If you’re wondering why our government aren’t asking new renewables companies to pay TUOS – at, say, reasonable rates comparable to those we pay – the company would only pass those costs on, and the energy shipped to the mainland might increase beyond what is deemed affordable – or readily saleable – on the spot market. In corporate-speak, it wouldn’t be ‘economically viable’.

This means that whatever commercial decisions are made in the energy sector, any costs will devolve to us – the people who pay power bills. It’s this unfairness – socialising the costs, privatising the profits – that the state government refuses to talk about. To admit to bad planning is political poison. If people knew the state government were proposing a system even worse than the one we already have, even rusted-on voters might flirt with the idea of voting independent.

Meanwhile, Hydro Tasmania will be reconfiguring the Battery of the Nation (BotN) to generate more reliable and sustainable (in a commercial sense) peak electricity for sale on the NEM. This consists of various ‘upgrades’ to provide more pumped hydro electricity capacity and output.

This will mean billions more dollars that we, and future generations, will have to pay for. And, while all commercial-risk decisions are taken on by ‘our’ Hydro Tasmania, rather than the renewables companies, good luck finding the true extent of the liabilities buried in Hydro Tasmania’s Annual Report.

Treasury and the wider state government are only now acknowledging what our community have known for years – that Project Marinus is a burden not a benefit for Tasmania. Now, with the tabling of the government’s begging letter (see below) to the Commonwealth government, they’re leveraging the promise of more renewables and transmission, something the feds loudly want, with a threat that without a less odious deal for the Tasmanian energy consumers, Marinus Link risks being dumped – and perhaps even the NWTD and the BotN.  We can only hope.

Whether the Federal Labor government will double-down on bad planning to fund even more debt to pay for Marinus Link, or whether they kick it into the weeds, Tasmanian energy customers still risk being told to pay for the NWTD and BotN. After all, Victoria and the other states are likely to look the other way when asked to stump up more TUOS fees for the beleaguered Project Marinus – they neither need nor want it.
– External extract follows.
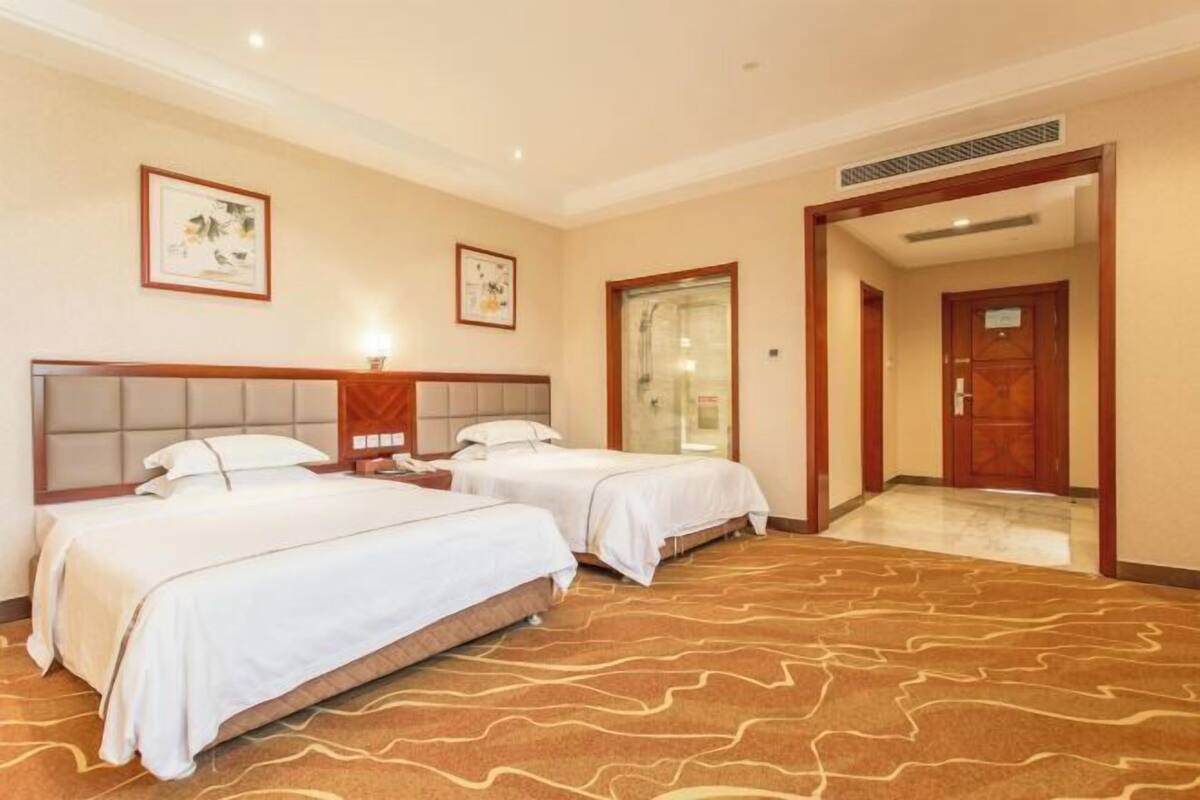 A hotel room with two beds, a wooden headboard, a patterned carpet, and framed artwork on the walls.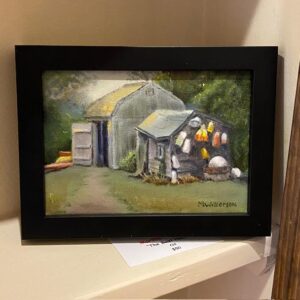 The Boat House" by Martha Wilkerson: framed painting of two small sheds with buoys in a lush green setting.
The existing 15%-85% split between Tasmania and Victoria is also redundant – Tasmania is, at best, only likely to receive a hypothetical 6% benefit.

So, from almost everyone’s point of view, Project Marinus is a dud deal but, with Federal Labor’s push to greenwash current policy settings by actioning renewables and transmission infrastructure, it’s still entirely possible it’ll get funded, at the cost of even more intergenerational debt.

Meanwhile, communities like ours in the Loongana Valley remain under the threat of having TasNetworks’ vast new transmission grid bulldozed through our forests and farms, causing immense and ongoing costs to us, our small businesses, and our wildlife.

For us, with a government determined to push all costs onto communities, the news, like TasNetworks plans, is still all bad.